Contemporaneamente Tiziana Maiolo di Forza Italia ha annunciato di aver
denunciato a Perugia lo stesso Almerighi «per istigazione a disobbedire
alle leggi dello Stato», in quanto avrebbe minacciato le dimissioni
dell’intero “staff del ministero” qualora non venisse nominato un ministro
di Giustizia gradito all’Anm. Un colpo di scena, quello delle dimissioni
di Almerighi, giunto proprio mentre il procuratore capo di Milano, parlando
all’università Bocconi per l’inaugurazione dell’anno accademico,
andava idealmente a collegarsi con l’intervista di Almerighi, “proposta
Flick” su tutto. Nel «rapporto con il mondo politico» il leader
dell’Anm avrebbe individuato il primo problema della magistratura e il
tasto delle riforme è stato proprio il primo punto toccato anche
da Borrelli, rispondendo alle domande su quello che si attende dal prossimo
governo. «La giustizia ha bisogno di coraggio nelle riforme che la
attendono e ha bisogno, se vogliamo, di immaginazione, senso pratico e
semplificazione di procedure e strutture», ha spiegato il procuratore
della Repubblica. Non ha, comunque, voluto fare una lista di priorità
in tema giustizia che il nuovo esecutivo dovrebbe, a sua detta, seguire:
«Vi sembra corretto che io partecipi alla formazione del governo?».
Forse una “partecipazione nella formazione” no, ma sicuramente qualche
suggerimento da dare a D’Alema - o chi per lui - Borrelli se lo è
lasciato fuggire: «Da questo o da qualunque altro governo mi attendo
che i problemi della giustizia vengano analizzati e risolti con spirito
molto pragmatico». In primo luogo, «una semplificazione»

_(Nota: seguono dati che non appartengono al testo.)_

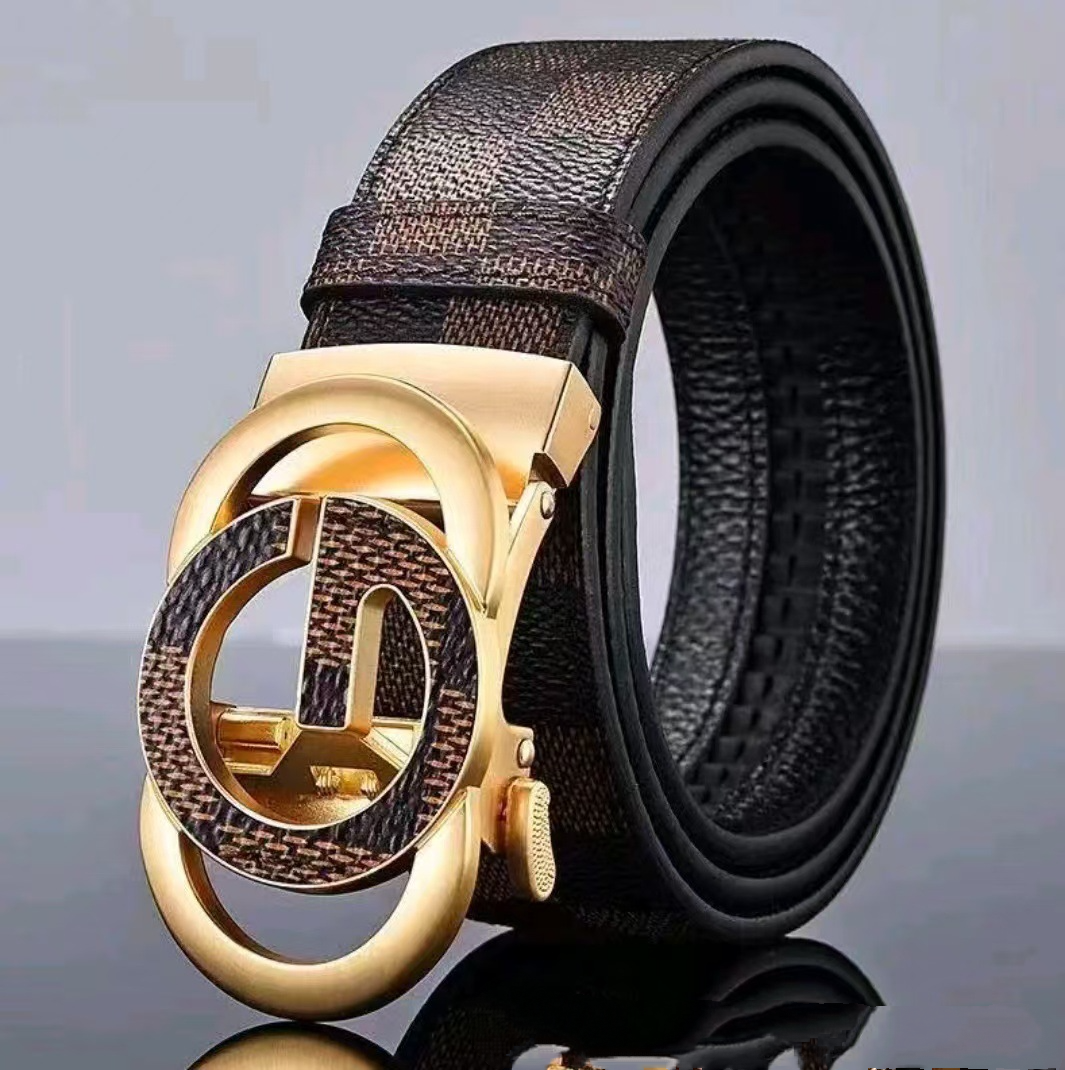 Men's Cowhide Metal Letter Colorblock Fashion Belt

delle procedure. Ma lo spunto principale, anticipato con quella battuta
sulla “amicizia e stima” - contro gli “screzi” invece avuti con i polisti
Alfredo Biondi e Filippo Mancuso -, Borrelli se lo è riservato per
il termine della cerimonia, quando viene circondato da microfoni e telecamere.
Proprio come Almerighi, il procuratore di Milano vede nel ministro Flick
la persona più adatta per poter proseguire, alla guida del dicastero
di Grazia e giustizia, nelle riforme avviate in questi anni, «ma
questo non significa assolutamente nulla». E ha aggiunto: «Ci
può essere rammarico che questo lavoro che aveva avviato Flick rischi
di rimanere incompiuto o di subire delle svolte o addirittura dei rimaneggiamenti
o un ripensamento da parte di altri. Le riforme della giustizia devono
collocarsi in tempi lunghi. Non possiamo illuderci di risolvere da un giorno
all’altro i problemi. Certo è che una instabilità politica
e un frequente mutamento dei titolari del dicastero, forse non giova alla
risoluzione di questi problemi che sono tanti». Eppure, nonostante
l’amicizia con Flick, Borrelli non perde l’occasione di togliersi un sassolino
dalla scarpa. E’ ancora il caso Davigo, sotto inchiesta per l’intervista
ad “America Oggi”, a tenere banco: «Lo ho difeso perchè reputo
un punto di estrema importanza da chiarire, anche nella giurisprudenza
e nell’interpretazione dei principi vigenti, la libertà di parola,
la libertà di pensiero del magistrato» che, non su specifici
provvedimenti, ma su «argomenti di carattere più generale»
deve essere uguale a quella «che compete a ogni cittadino».